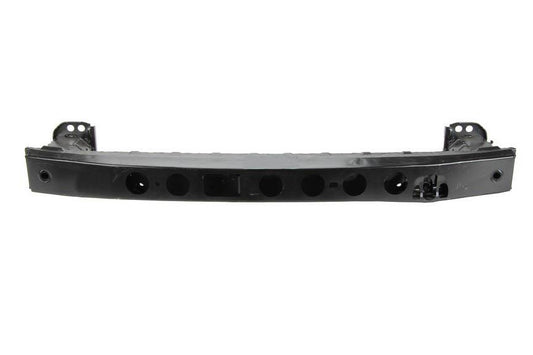 CITROEN C1 2009 - 2012 FRONT BUMPER REINFORCEMENT BAR IMPACT CRASH BAR NEW
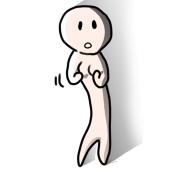 みゃま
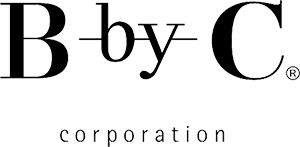 B-by-C Corp.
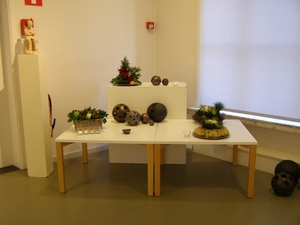 Tent. Schoten (2) _016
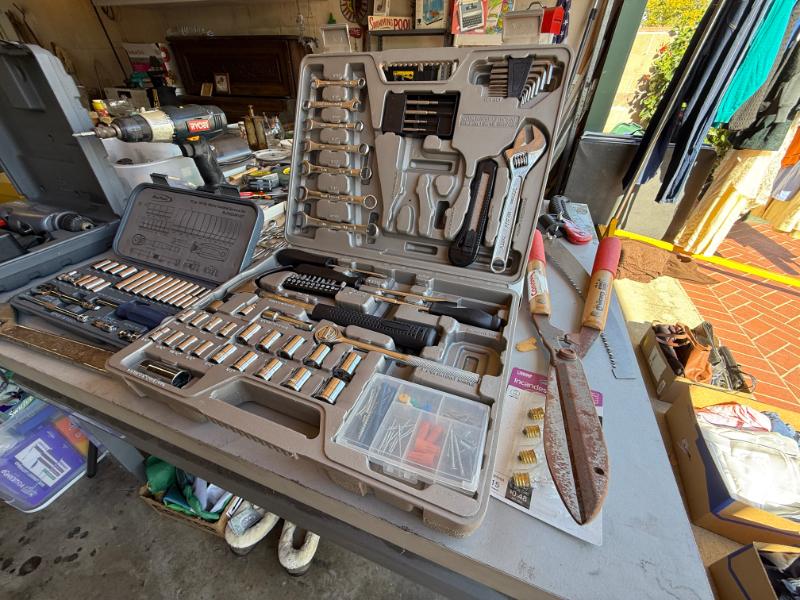 Sale Photo Thumbnail #63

++++++++++++++++++++

- **Your assignment**
An exact copy of the listing above is to be set down, with no pictures in it.

- **Solution for this exercise**
 CITROEN C1 2009 - 2012 FRONT BUMPER REINFORCEMENT BAR IMPACT CRASH BAR NEW
 みゃま
 B-by-C Corp.
 Tent. Schoten (2) _016
 Sale Photo Thumbnail #63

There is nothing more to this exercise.